C. Mais à ces évocations de matière précieuse s’opposent les qualificatifs de couleur péjoratifs, poursuivant une ligne péjorative inaugurée dès la comparaison dépréciative de la première phrase.. Le suffixe péjoratif ou l’adverbe qui signifie la réticence de l’objet à s’ouvrir. Il est en effet présent dans « blanchâtre », et se retrouve dans « opiniâtrement » puis dans « verdâtre » et « noirâtre » qui s’oppose au caractère délicat de la « dentelle » qu'il qualifie. L’objet est ainsi évoqué de façon peut valorisante, y compris après ouverture. On remarque que l’accent circonflexe est lui-même appelé par le nom de l’huître elle-même.
- Ces réseaux sont accompagnés de réseaux sonores en écho : il y a une rime intérieure en « are » et « acre » et « âtre » qui court tout au long du poème, ainsi que les sonorités gutturales (qui appartiennent au gosier) liées au travail de l’ouverture, en [k] : « creux », « couteau », « curieux », « cassent », « coupent », « coups qu’on », « marquent » => qui miment l’évocation de l’ouverture du mollusque, particulièrement difficile et inutile (pour les coups donnés, peu susceptibles de favoriser l’ouverture du mollusque)... Le « travail est grossier, ce qui dévalorise le lecteur, le mangeur d’huître, & le poète même qui l’a ouverte, forcée… une ouverture particulièrement difficile, voire douloureuse : une synecdoque personnifie les doigts (« curieux ») et le couteau (« peu franc »), instruments de l’ouverture forcée, à l’aide du procédé de l’ hypallage. On a pu y voir l’image d’un viol… c'est une hypothèse…
- Un objet qui ne se laisse pas ouvrir ni « faire » facilement, ni donc décrire… et subit une description d’abord négative de la part du poète… mais est-ce vraiment le cas ? Préciosité attachée à l’huître : dans quelques cas il y a la possibilité d’une perle : donc il faut sauver l’huître, car elle est tout un monde.
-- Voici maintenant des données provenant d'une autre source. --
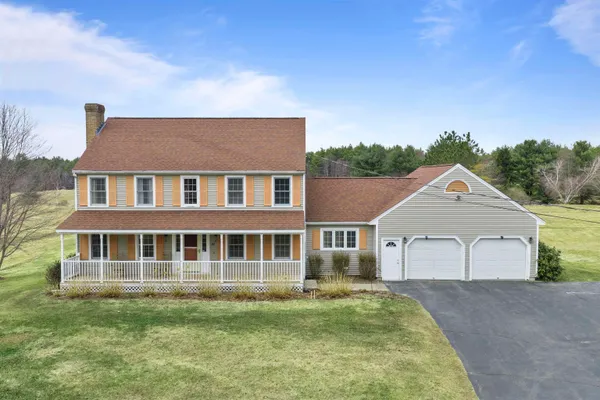 $739,000 | 107 County Farm Cross Road, Dover, NH 03820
- Le monde de l’huître et de l’écriture :
La découverte de la perle à l’intérieur de l’huître apparaît à plus d’un titre comme un résultat miraculeux, au terme d’une évocation qui associe en permanence admiration et répulsion.
A. L’intérieur : un « monde », caractérisé par l’abondance et le mélange : « à boire et à manger » pris au sens littéral, mai aussi figuré : grand désordre et abondance de choses disparates. Le « firmament » solide, transparent, site des étoiles fixes, condense ici les réseaux d’images mélioratives du début du poème. On notera la double mention du mot (italiques et parenthèse qui invitent à chercher la définition) pour en souligner l’importance. La glissade de la partie haute de l’huître dans la partie basse est montrée par un jeu d’échos lexicaux et sonores et en particulier l’allitération en [s], ce qui ouvre résolument l’objet à un autre type d’évocations et confère à la phrase une cadence rythmée et harmonieuse. Les « cieux » renvoient également au firmament et à son acception courante de voûte céleste.